The rest of the drawings were done with the MacDraw Pro drawing elements on a 0.5 cm grid. All basement measurements were made very accurately and even some non-square corners are handled properly. The drawings include about 200 individual layers that can be stacked and shown in any order. These layers include the basement, plumbing, house framing where important, blocked or restricted access areas, layout framing, layout roadbed, track, equipment clearances, wiring, structures, significant scenic elements, wiring diagrams, operational notes, in short, everything significant
Doing the drawings with CAD was a real boost as they came out so accurately. I could cut wood and track by the numbers and fully expect them to fit.
I subsequently tried to use CadRail (my PowerMac does Windows too) to do my outdoor layout and had to give it up. The program was inflexible, frustrating and didn't allow me to add the other associated graphics as I wanted.
I did use Design Your Own Railroad to do operational tests. As a CAD tool DYOR is fully useless, but it does do a credible job in testing how a layout will work operationally and it helped me refine my plans while it was easy.

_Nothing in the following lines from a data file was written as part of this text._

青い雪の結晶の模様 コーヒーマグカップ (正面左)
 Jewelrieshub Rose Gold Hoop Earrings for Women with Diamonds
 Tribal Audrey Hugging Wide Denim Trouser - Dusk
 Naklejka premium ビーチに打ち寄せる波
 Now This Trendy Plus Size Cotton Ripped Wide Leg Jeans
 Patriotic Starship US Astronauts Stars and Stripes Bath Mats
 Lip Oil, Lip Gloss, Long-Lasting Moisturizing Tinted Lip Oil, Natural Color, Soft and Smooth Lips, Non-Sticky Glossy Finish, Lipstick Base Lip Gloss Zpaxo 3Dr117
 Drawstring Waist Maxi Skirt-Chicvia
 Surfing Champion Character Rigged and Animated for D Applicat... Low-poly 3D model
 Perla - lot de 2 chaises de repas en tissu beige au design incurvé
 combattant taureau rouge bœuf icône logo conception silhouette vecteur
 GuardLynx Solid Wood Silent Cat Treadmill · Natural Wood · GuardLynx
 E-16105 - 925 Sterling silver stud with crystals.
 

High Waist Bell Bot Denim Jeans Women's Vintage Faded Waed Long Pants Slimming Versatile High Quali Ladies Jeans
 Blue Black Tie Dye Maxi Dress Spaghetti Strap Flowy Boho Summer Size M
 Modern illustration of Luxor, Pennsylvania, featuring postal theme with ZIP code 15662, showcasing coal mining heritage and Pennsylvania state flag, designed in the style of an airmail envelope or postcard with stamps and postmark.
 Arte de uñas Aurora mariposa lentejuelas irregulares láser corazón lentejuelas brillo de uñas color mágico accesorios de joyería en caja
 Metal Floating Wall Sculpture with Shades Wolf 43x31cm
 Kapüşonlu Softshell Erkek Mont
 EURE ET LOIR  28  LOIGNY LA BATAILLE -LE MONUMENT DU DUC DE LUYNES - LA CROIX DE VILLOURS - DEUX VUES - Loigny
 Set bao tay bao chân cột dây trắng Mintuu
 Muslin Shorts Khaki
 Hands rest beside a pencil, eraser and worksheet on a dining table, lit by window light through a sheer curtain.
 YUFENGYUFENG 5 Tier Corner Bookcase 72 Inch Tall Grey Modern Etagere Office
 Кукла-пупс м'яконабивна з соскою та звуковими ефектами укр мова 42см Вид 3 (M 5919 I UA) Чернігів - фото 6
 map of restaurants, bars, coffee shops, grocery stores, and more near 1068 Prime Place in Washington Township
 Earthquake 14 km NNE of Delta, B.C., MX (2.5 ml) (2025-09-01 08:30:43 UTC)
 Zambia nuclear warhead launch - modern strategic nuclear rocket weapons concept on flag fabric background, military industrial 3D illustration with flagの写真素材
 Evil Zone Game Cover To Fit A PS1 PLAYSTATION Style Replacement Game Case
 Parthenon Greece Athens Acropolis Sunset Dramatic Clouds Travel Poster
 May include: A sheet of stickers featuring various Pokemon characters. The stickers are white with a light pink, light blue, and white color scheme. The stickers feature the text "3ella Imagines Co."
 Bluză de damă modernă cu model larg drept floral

Eventually all good software dies from bit rot. It's not that the software actually changed, but it's environment does. MacDraw Pro ran on the "classic" version of the Macintosh OS (up through OS 9) and later in the classic mode in OS X (10.0 through 10.4). However, in Mac OS 10.5, support for the classic OS was dropped and MacDraw Pro would no longer run. I have converted to another program called EasyDraw. EasyDraw will read and convert most of a MacDraw Pro drawings however the conversion sometimes isn't perfect and some manual tweaking is required after the fact. Also, EasyDraw isn't as easy to use as MacDraw Pro. It seems to take more mouse clicks to get anything done. Sometimes it is hard to remember where the authors of the software stashed some needed command and it also has some "interesting" software quirks. It has much more capability than MacDraw Pro but this extra capability comes at the cost of extra complexity.